Richard: NoVa bound

Note: This story was updated on 4:36 p.m. Monday.

The rumors appear to be true: Michel Richard, the city’s most celebrated chef, will shift his “home” base to the Ritz-Carlton, Tysons Corner, where he will open a new, fine-dining restaurant in the former Maestro space. It’s not clear yet what the move could mean for Citronelle, Richard’s current home at the Latham Hotel and one of D.C.’s most-honored restaurants, and whether the chef would abandon the spot completely.

Michel Richard Restaurants mailed a packet of information to potential investors last week, seeking nearly $2 million to develop the 5,000-square-foot, 110-seat restaurant inside the Ritz. The celebrity chef, according to the document,  “plans to enter into a 10-year primary lease on or about April 30, 2009” for the dining space made famous by chef Fabio Trabocchi, who left Maestro in September 2007. The restaurant has been dark since then.

“Citronelle is not closing…Michel’s offices are still there, his kitchen that he loves is still there, and business is going on as usual,” says Mel Davis, PR coordinator for Richard. “I have to reiterate, there are no plans to move or close Citronelle from the Latham hotel.”

Mark Sherwin, general manager for the Ritz-Carlton, Tysons Corner, emphasized that no contract has been signed for the Maestro space. “We continue to talk to a number of high-profile chefs,” Sherwin said. The Ritz has narrowed the list down to three different groups, the GM added, but Sherwin wasn’t at liberty to name any of them.

The investor packet, however, makes it sound like a done deal. The working name of the proposed restaurant is, simply, Michel Richard, and it will be considered, according to the investor packet, “Michel Richard’s home,” where the chef “will likely be in the kitchen most evenings.”

Those statements clearly imply either the death or the diminishment of Richard’s Citronelle, which has suffered some indignities in recent months. Last fall, the Post‘s Tom Sietsemadocked Citronelle a star in his 2008 Dining Guide; in January, the gastronomic temple laid off a number of employees and cut back on hours; and in March, long-time sommelier, Mark Slater, left Citronelle to work at Ray’s the Steaks in Arlington.

The statements also pour cold water on the rumors that firebrand British chef Gordon Ramsay will take over the Maestro space.

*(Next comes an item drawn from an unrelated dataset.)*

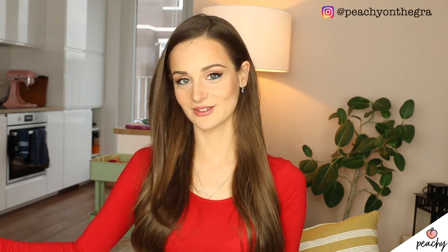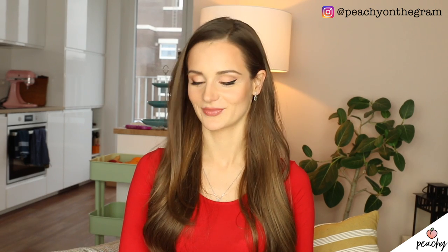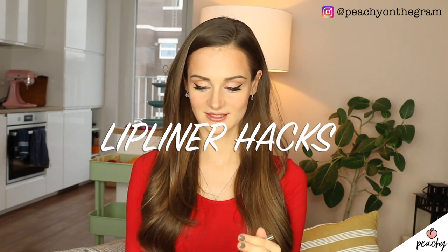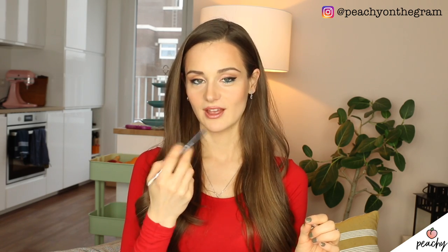Hello my lovelies and welcome back to Peachy. Today is a very grey day here in Germany but I'm happy because I'm sitting in front of my camera again filming for you guys. Today I have a very special video — we're gonna talk about lip liner hacks. I've done a video on liquid lipstick hacks which you guys loved, and today I'm gonna show you five hacks to help you nail that shape, find the middle, and deal with those little sources of complication.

Ramsay’s restaurant group was already facing serious financial troubles, and the chef recently sold his Los Angeles operation, Gordon Ramsay at the London West Hollywood.

Whether Ramsay or not, however, the Ritz was obviously interested in a celebrity chef for the space. The hotel chain has done well with famous cooks in the kitchen, whether Eric Ripert at the Westend Bistro or Dean Fearing at his eponymous place at the Ritz’s Dallas property.

In preparation for Richard, the former Maestro space will be “re-designed in its entirety as a modern French-influenced restaurant” and “will change dramatically from its prior iteration, which, while luxurious, lacked a distinctive independent operator feel.” The restaurant’s open kitchen will be “re-tiled to have a more contemporary aesthetic,” while the once-expansive dining room will be broken up into spaces that look, based on preliminary architectural sketches, as if they could be sealed off for private dining. There will also be a chef’s table and a bar area with six stools and three cocktail tables.

Group Goetz Architects, the same company that designed Central Michel Richardon Pennsylvania Avenue NW, has been hired to design the Ritz space. No general contractor has been selected yet. Richard’s team at his namesake restaurant will include Carl Halvorson, currently the director of operations for Citronelle and director of operations/partner at Central.

The Ritz, according to the investor packet, is providing a “significant build-out allowance” for Richard, but it’s apparently not enough to cover all the costs. Richard’s team is seeking between $1.7 million and $1.8 million to construct what it hopes will be “Washington’s finest restaurant.”

Michel Richard is expected to open for breakfast, lunch, and dinner sometime during the fourth quarter of this year.

If the detailed investor packet weren’t enough to convince skeptics that Richard is moving his base of operations to the Ritz at Tysons, then the return address on the mailer itself all but confirms it. According to the envelope, Michel Richard Restaurants is located at 1700 Tysons Blvd. in McLean.

That’s the address of the Ritz-Carlton.